→ **Your assignment**:
Go through the entries below, count every line with the string "Gold", and answer with only that number.

→ **Source data**:
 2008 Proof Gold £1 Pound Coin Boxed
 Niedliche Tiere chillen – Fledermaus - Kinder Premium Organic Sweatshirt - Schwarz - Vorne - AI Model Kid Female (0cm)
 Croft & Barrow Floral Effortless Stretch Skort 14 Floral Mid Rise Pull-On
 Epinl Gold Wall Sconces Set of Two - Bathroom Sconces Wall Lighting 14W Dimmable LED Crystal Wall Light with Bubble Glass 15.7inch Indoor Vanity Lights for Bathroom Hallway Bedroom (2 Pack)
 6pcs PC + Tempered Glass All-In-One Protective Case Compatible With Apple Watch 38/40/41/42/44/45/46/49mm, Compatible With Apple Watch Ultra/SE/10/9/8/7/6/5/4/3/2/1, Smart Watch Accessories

---

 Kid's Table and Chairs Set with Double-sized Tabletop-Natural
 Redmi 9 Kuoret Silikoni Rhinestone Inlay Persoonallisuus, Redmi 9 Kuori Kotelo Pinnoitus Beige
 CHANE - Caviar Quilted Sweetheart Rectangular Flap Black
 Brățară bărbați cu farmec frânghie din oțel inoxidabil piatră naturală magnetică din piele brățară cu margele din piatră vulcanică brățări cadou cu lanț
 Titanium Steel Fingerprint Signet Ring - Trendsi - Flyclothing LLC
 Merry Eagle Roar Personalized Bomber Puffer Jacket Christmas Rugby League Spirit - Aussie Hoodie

→ **Problem solution**:
2